Il geologo austriaco Eduard Suess (1831-1914) accettava la teoria della contrazione della crosta ma negava la possibilità di movimenti laterali delle masse continentali. Con la contrazione terrestre, si creavano enormi pressioni laterali per cui la crosta si frammentava e vasti settori della superficie terrestre sprofondavano formando i bacini oceanici, mentre altri rimanevano emergenti a formare i continenti. Le compressioni laterali sulle catene montuose provocavano sovrascorrimenti di lembi rocciosi, ben riconoscibili nelle Alpi. Con il procedere del raffreddamento, i continenti originari, divenuti instabili, collassavano a loro volta per formare nuovi oceani, mentre i precedenti bacini formavano le terre emerse.
Durante il raffreddamento, i materiali più leggeri sarebbero migrati verso la superficie, originando rocce magmatiche e metamorfiche di tipo granitico definite con la sigla sial (silicati di alluminio) ricoprenti rocce più dense di tipo basaltico, gabbrico o peridotitico definite con la sigla sima (silicati di magnesio); nella zona sottostante abbiamo uno strato chiamato osol (ossidi e solfuri) e infine il nife (nichel e ferro), corrispondente al nucleo. In realtà, lo strato osol è stato introdotto successivamente da Victor Goldschmidt.

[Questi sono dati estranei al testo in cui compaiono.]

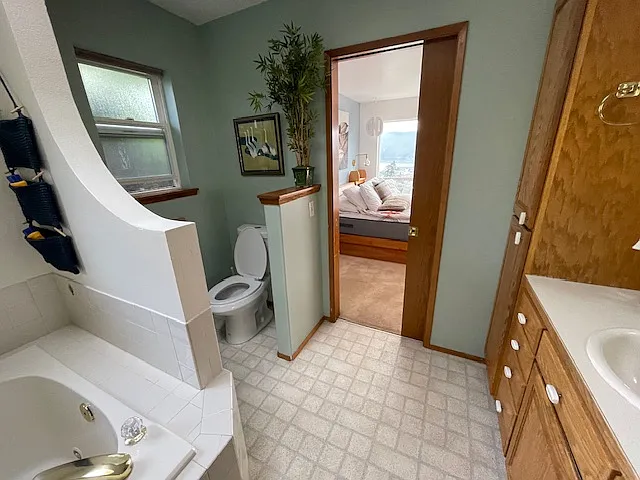 4937 Heather Dr — Photo 10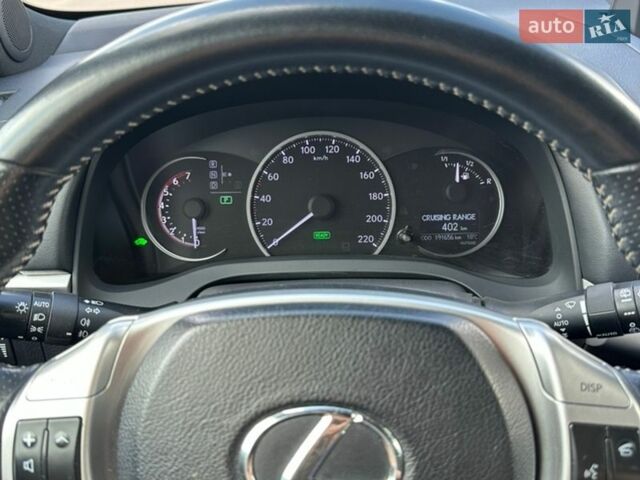 Белый Лексус СТ, объемом двигателя 1.8 л и пробегом 192 тыс. км за 14500 $, фото 9 на Automoto.ua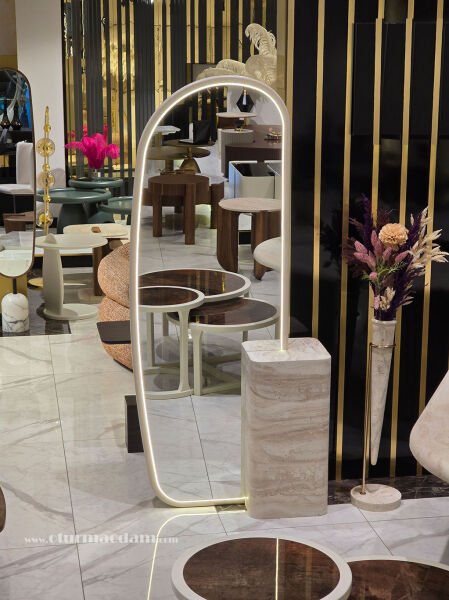 Traverten Ayaklı Ayna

In alto a destra: Eduard Suess
Sopra a sinistra: L'interno della Terra secondo il modello prevalente nei primi anni del '900
Teorie verticaliste
Abbandonato così il fissismo dei primi studiosi, si cadde però subito nel verticalismo: le varie parti o regioni della Terra si potevano muovere, ma solo abbassandosi o alzandosi, in seguito a lenti e graduali aggiustamenti delle varie masse in cerca di un equilibrio. Sarebbero solo movimenti verticali a creare il rilievo terrestre, sia le catene montuose sia i bacini e le depressioni e quindi oceani e continenti starebbero saldamente al loro posto.
Lo statunitense James Dwight Dana (1813-1895) nel 1873 formulò la teoria delle geosinclinali. Le geosinclinali sono depressioni parallele alle coste, frutto della contrazione primitiva della Terra, nelle quali si accumulano i sedimenti prodotti dall'erosione della superficie terrestre. Il peso del materiale provocava la subsidenza del fondo, permettendo un ulteriore accumulo finché la spinta orizzontale dei continenti, dovuta al proseguire della contrazione terrestre, portava al sollevamento delle catene montuose affacciate sull'oceano.

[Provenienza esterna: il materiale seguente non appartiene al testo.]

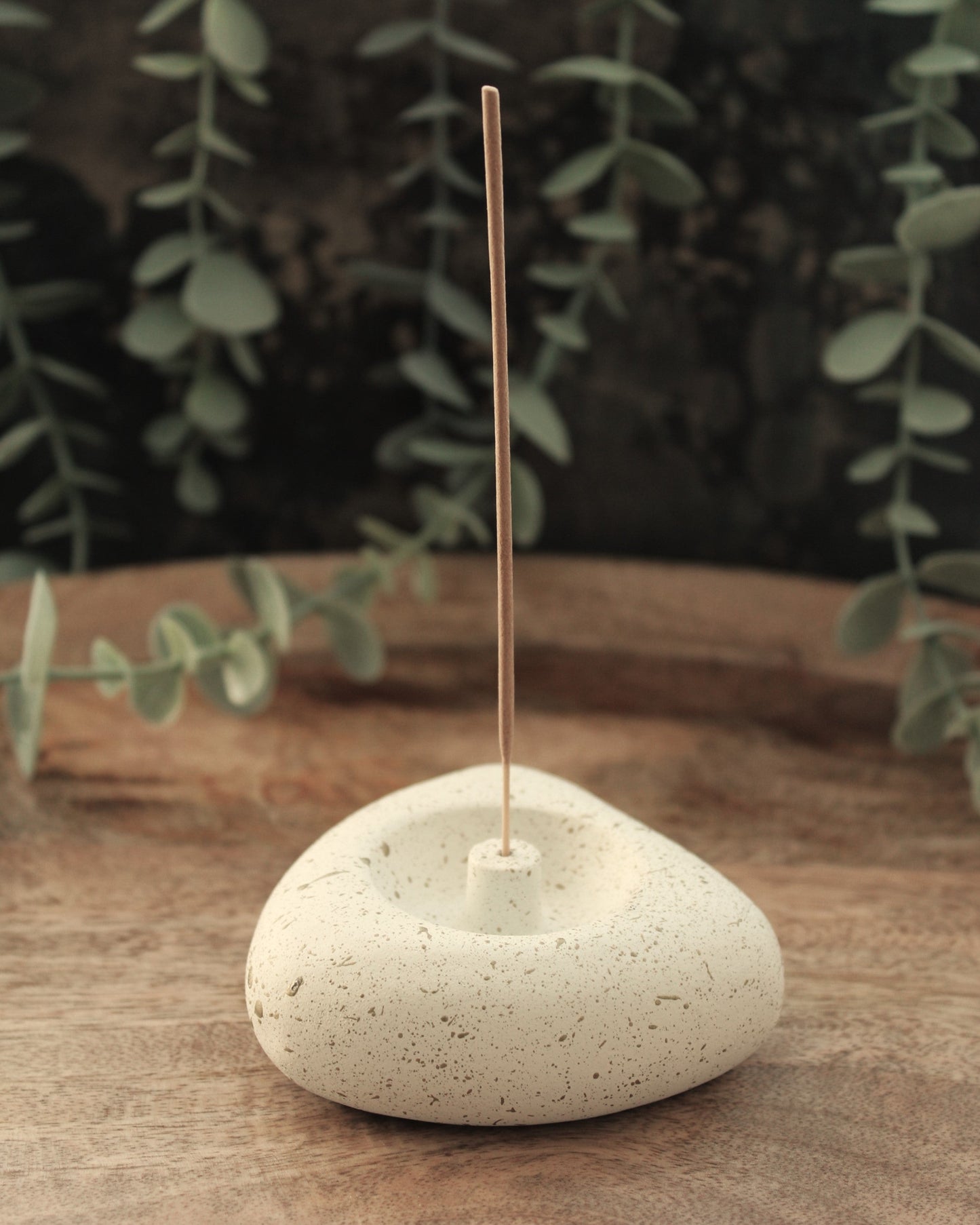 Quiet Heart – Cast Stone Incense Holder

Teoria delle geosinclinali secondo Dana
Nella seconda metà dell'Ottocento si è affermata la teoria isostatica, denominazione introdotta nel 1889 dal geologo americano Clarence Edward Dutton (1841-1912), che ammette il movimento di blocchi crostali, con spessore e densità diversi, in senso verticale per riequilibrare il peso se c'è un'erosione o una deposizione di materiali (si veda il paragrafo sull'isostasia). Le moderne ricerche geologiche hanno confermato la validità di questa teoria, ma essa non è in grado di spiegare molte caratteristiche delle catene montuose.